#### Source data

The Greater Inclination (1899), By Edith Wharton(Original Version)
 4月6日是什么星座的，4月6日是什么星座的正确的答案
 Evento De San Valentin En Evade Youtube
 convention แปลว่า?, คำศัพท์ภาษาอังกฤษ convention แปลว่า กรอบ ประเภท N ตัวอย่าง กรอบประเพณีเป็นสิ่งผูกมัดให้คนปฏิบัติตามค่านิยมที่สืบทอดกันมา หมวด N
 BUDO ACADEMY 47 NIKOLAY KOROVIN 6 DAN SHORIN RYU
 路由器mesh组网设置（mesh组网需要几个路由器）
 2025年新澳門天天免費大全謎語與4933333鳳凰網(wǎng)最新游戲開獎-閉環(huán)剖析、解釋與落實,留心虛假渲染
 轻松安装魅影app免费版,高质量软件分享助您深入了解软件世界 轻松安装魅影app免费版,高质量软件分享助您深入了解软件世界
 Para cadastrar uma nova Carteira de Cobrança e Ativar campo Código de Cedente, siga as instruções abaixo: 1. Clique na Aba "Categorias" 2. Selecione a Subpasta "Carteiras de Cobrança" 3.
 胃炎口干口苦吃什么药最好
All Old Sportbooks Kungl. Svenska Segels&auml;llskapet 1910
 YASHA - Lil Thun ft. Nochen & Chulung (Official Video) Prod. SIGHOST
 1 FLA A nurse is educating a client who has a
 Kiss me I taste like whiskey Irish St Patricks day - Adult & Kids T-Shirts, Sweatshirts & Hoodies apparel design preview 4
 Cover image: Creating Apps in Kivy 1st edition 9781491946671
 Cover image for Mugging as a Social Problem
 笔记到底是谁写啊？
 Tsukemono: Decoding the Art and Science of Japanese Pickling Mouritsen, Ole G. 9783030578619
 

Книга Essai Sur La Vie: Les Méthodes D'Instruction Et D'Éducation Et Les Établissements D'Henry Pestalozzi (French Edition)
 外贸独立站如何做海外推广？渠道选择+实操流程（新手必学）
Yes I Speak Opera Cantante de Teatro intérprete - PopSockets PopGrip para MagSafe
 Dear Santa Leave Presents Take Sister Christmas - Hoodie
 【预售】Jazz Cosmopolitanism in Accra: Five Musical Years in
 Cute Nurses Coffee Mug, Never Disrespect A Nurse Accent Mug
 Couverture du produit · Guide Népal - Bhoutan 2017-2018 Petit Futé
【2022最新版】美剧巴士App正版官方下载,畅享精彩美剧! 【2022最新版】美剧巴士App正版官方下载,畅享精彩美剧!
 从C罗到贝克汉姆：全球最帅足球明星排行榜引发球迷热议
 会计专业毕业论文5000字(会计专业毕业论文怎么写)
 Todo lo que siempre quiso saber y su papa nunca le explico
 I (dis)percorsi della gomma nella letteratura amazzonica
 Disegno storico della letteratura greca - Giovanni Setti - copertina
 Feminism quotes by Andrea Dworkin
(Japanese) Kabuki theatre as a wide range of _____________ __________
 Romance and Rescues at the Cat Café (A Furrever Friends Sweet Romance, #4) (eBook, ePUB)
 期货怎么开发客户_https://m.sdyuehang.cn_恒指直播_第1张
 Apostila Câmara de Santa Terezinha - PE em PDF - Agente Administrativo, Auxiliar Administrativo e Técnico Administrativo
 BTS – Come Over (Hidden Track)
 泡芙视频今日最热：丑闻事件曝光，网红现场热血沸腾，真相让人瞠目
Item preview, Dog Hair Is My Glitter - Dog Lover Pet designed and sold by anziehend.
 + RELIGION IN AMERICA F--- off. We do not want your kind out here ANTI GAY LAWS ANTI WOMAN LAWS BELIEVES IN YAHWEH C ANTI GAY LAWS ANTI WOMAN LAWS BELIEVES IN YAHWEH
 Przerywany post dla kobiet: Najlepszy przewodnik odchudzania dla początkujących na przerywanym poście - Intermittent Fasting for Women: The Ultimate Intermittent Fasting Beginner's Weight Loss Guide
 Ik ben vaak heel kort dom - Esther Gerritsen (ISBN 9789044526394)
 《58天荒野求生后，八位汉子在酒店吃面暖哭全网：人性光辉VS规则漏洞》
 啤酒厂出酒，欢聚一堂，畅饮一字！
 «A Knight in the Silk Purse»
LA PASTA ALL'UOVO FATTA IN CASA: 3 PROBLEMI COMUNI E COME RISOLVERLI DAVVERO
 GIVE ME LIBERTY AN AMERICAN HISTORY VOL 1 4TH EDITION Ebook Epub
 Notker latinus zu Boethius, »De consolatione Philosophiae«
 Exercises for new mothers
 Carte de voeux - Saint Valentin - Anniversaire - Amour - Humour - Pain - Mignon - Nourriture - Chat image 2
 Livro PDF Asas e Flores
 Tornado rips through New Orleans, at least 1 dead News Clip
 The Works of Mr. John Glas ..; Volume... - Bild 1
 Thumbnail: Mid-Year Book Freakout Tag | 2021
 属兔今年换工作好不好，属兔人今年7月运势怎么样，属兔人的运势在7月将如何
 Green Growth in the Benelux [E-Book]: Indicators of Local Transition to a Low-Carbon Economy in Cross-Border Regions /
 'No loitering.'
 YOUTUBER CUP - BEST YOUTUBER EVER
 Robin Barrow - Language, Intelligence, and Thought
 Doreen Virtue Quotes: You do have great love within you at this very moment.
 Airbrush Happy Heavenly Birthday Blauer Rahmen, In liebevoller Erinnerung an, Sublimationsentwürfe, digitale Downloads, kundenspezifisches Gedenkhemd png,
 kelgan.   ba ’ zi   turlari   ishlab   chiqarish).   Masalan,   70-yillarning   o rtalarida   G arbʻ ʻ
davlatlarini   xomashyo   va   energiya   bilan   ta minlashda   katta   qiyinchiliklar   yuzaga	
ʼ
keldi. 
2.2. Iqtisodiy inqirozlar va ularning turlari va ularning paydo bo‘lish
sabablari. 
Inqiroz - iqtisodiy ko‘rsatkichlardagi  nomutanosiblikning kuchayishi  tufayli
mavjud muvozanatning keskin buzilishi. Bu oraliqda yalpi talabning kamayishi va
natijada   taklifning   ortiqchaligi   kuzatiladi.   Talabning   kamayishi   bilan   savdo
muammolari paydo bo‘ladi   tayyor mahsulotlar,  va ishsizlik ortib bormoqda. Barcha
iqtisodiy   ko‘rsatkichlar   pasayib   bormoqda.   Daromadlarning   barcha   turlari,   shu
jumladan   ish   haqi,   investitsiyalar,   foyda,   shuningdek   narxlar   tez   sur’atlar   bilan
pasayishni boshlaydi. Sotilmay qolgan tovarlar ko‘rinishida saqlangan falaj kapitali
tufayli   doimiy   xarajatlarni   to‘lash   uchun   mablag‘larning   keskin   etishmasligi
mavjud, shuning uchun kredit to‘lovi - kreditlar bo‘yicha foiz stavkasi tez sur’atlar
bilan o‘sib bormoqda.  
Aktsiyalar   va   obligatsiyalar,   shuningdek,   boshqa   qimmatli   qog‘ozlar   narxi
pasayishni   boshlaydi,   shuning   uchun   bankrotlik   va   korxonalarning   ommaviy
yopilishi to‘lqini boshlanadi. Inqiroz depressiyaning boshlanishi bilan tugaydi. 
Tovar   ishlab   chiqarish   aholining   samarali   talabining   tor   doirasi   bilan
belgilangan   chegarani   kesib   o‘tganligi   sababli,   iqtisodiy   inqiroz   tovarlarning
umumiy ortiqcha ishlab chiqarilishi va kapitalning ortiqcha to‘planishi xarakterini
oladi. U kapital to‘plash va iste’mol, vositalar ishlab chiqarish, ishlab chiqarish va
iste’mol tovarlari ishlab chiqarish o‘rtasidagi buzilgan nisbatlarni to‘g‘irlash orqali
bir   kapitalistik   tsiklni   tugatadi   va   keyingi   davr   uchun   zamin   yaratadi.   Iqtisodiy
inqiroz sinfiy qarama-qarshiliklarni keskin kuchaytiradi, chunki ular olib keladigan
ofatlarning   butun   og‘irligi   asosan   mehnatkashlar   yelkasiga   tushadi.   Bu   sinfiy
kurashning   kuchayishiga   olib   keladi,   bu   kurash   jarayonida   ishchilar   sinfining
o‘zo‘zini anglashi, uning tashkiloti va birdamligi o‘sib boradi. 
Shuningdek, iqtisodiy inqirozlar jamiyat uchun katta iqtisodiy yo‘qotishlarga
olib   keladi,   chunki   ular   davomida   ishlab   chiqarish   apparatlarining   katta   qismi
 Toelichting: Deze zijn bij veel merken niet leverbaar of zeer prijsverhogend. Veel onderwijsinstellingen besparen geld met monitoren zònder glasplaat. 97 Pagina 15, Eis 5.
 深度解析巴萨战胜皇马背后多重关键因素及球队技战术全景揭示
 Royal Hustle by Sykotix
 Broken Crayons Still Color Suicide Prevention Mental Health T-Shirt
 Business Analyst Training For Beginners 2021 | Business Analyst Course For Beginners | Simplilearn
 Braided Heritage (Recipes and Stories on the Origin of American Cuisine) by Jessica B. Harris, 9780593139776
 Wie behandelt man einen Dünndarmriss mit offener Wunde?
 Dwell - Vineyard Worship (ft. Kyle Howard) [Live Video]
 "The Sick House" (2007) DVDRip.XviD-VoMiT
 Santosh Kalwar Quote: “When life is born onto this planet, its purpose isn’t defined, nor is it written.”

########

> **Your goal**: Write down exactly the span of lines above from the one containing "pasayishni boshlaydi. Sotilmay" to the one containing "Braided Heritage (Recipes", both ends included.

> **Output of the exercise**:
pasayishni boshlaydi. Sotilmay qolgan tovarlar ko‘rinishida saqlangan falaj kapitali
tufayli   doimiy   xarajatlarni   to‘lash   uchun   mablag‘larning   keskin   etishmasligi
mavjud, shuning uchun kredit to‘lovi - kreditlar bo‘yicha foiz stavkasi tez sur’atlar
bilan o‘sib bormoqda.  
Aktsiyalar   va   obligatsiyalar,   shuningdek,   boshqa   qimmatli   qog‘ozlar   narxi
pasayishni   boshlaydi,   shuning   uchun   bankrotlik   va   korxonalarning   ommaviy
yopilishi to‘lqini boshlanadi. Inqiroz depressiyaning boshlanishi bilan tugaydi. 
Tovar   ishlab   chiqarish   aholining   samarali   talabining   tor   doirasi   bilan
belgilangan   chegarani   kesib   o‘tganligi   sababli,   iqtisodiy   inqiroz   tovarlarning
umumiy ortiqcha ishlab chiqarilishi va kapitalning ortiqcha to‘planishi xarakterini
oladi. U kapital to‘plash va iste’mol, vositalar ishlab chiqarish, ishlab chiqarish va
iste’mol tovarlari ishlab chiqarish o‘rtasidagi buzilgan nisbatlarni to‘g‘irlash orqali
bir   kapitalistik   tsiklni   tugatadi   va   keyingi   davr   uchun   zamin   yaratadi.   Iqtisodiy
inqiroz sinfiy qarama-qarshiliklarni keskin kuchaytiradi, chunki ular olib keladigan
ofatlarning   butun   og‘irligi   asosan   mehnatkashlar   yelkasiga   tushadi.   Bu   sinfiy
kurashning   kuchayishiga   olib   keladi,   bu   kurash   jarayonida   ishchilar   sinfining
o‘zo‘zini anglashi, uning tashkiloti va birdamligi o‘sib boradi. 
Shuningdek, iqtisodiy inqirozlar jamiyat uchun katta iqtisodiy yo‘qotishlarga
olib   keladi,   chunki   ular   davomida   ishlab   chiqarish   apparatlarining   katta   qismi
 Toelichting: Deze zijn bij veel merken niet leverbaar of zeer prijsverhogend. Veel onderwijsinstellingen besparen geld met monitoren zònder glasplaat. 97 Pagina 15, Eis 5.
 深度解析巴萨战胜皇马背后多重关键因素及球队技战术全景揭示
 Royal Hustle by Sykotix
 Broken Crayons Still Color Suicide Prevention Mental Health T-Shirt
 Business Analyst Training For Beginners 2021 | Business Analyst Course For Beginners | Simplilearn
 Braided Heritage (Recipes and Stories on the Origin of American Cuisine) by Jessica B. Harris, 9780593139776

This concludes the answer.